[Graph Partition] improve custom op output alias #163380

pytorchbot · 2025-09-19T22:46:32Z

For a custom op with multiple outputs, we will see the following generated code:

buf1 = op1(arg0)
buf3 = buf0[0]
buf4 = buf0[1]
del buf1 # <--- if buf1 is not accessed in the future

If buf1 is not accessed in the future, it's good to deallocate early. So we don't delay del until both buf3 and buf4 are not used anymore.
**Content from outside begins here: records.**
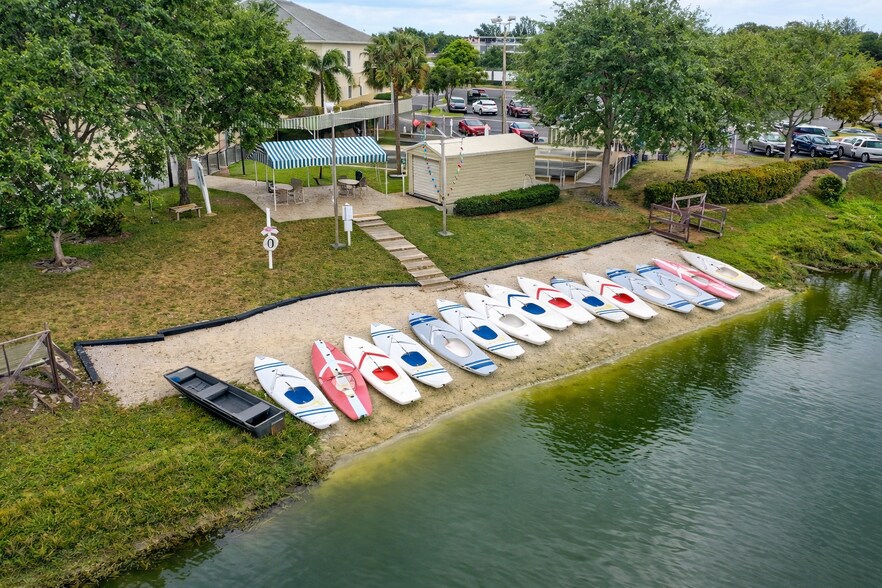 Building Photo - 222 Somerset L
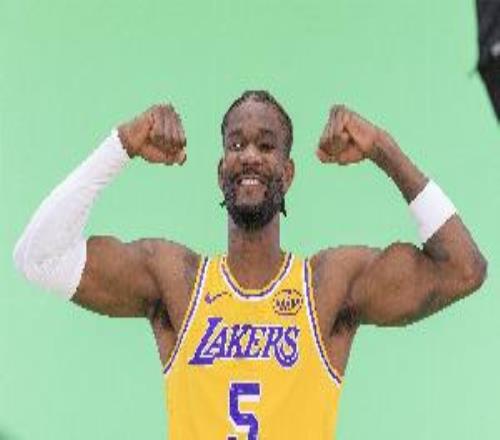 湖人队史共4人单场至少25分10板且命中率100%：艾顿比肩鲨帅库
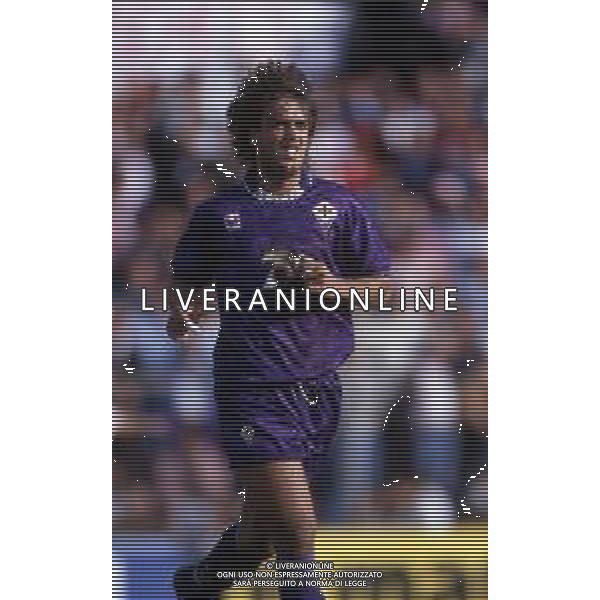 RETROSPETTIVA GABRIEL BATISTUTA CALCIATORE NELLA FOTO GABRIEL BATISTUTA CON LA MAGLIA DELLA FIORENTINA AG ALDO LIVERANI SAS
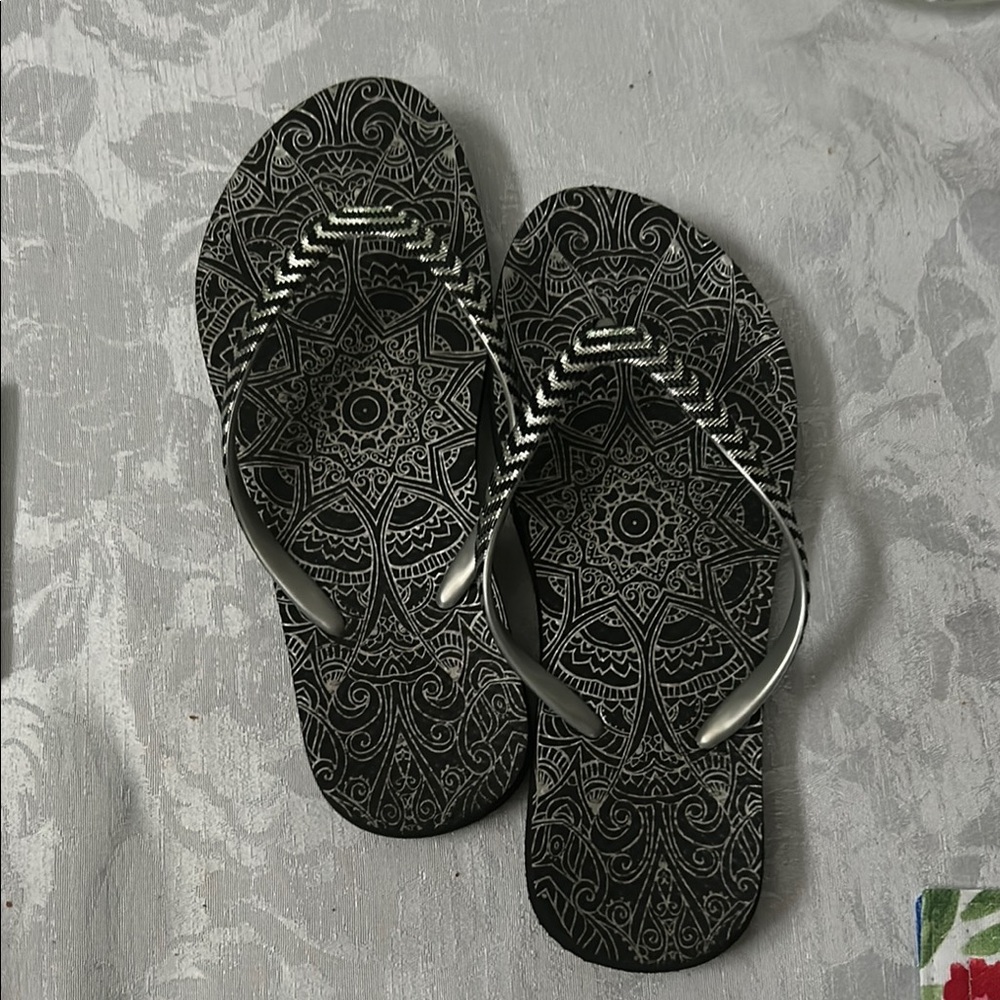 Sears Black and Silver Patterned Sandals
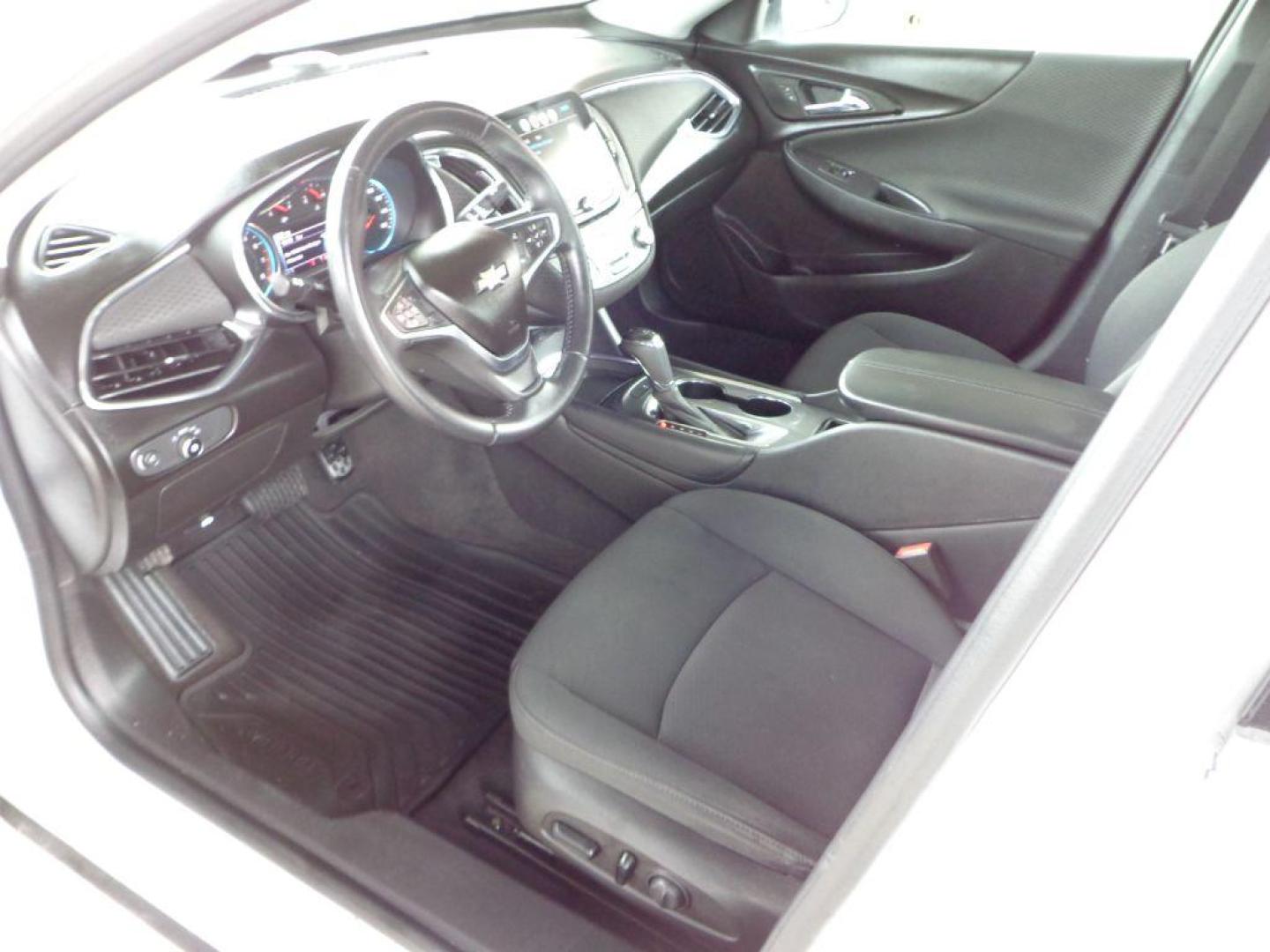 2018 WHITE CHEVROLET MALIBU LT (1G1ZD5ST0JF) with an 1.5L engine, Automatic transmission, located at 6610 L St., Omaha, NE, 68117, (402) 731-7800, 41.212872, -96.014702 - THIS VEHICLE HAS A BEEN FULLY INSPECTED AND HAS A CLEAN TITLE WITH A FREE CARFAX REPORT PROVIDED! 2-OWNER, CLEAN CARFAX, LOW MILEAGE, SUNROOF, BACKUP CAM, REMOTE START AND NEWER TIRES *****We have found that most customers do the majority of their shopping online before visiting a ealership. Fo - Photo#11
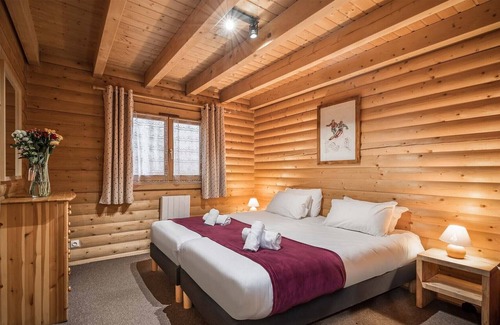 Jeux Ski Chalet | Au Coeur de Vieille Alpe | Chalet de 300m2 | Sauna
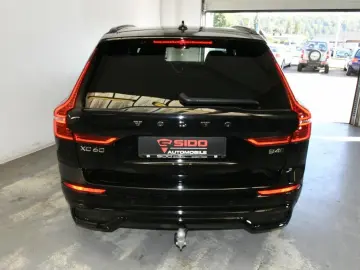 XC60 AWD Plus Dark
Note that buf3 and buf4 hold reference to the data such that del buf1 does not prevent their usage.

However, when there are mutating args, we don't see del buf1 immediately.

@torch.library.custom_op(
    "mylib::op1",
    mutates_args=["x"],
    schema="(Tensor(a!)?  x) -> (Tensor, Tensor)",
    device_types="cuda",
)
def op1(x) -> tuple[torch.Tensor, torch.Tensor]:
    x = x + 1
    return (x + 1, x + 2)

Why? Because buf3 is a MultiOutput with buf1 as input and believes buf1 (an output of FallbackKernel op1) has inputs that alias output.

pytorch/torch/_inductor/ir.py

Lines 7976 to 7982 in 72fedf0

    
           def get_inputs_that_alias_output(self) -> Sequence[str]: 
        
               return [ 
        
                   inp.get_name() 
        
                   for inp in self.inputs 
        
                   if isinstance(inp, FallbackKernel) 
        
                   and len(inp.get_inputs_that_alias_output()) > 0 
        
               ]

According to [NOTE: FallbackKernel supported operators], as a mutating op that are auto-functionalizable, buf1's output should NOT alias any of the inputs. This PR improves get_inputs_that_alias_output of Fallback Kernel.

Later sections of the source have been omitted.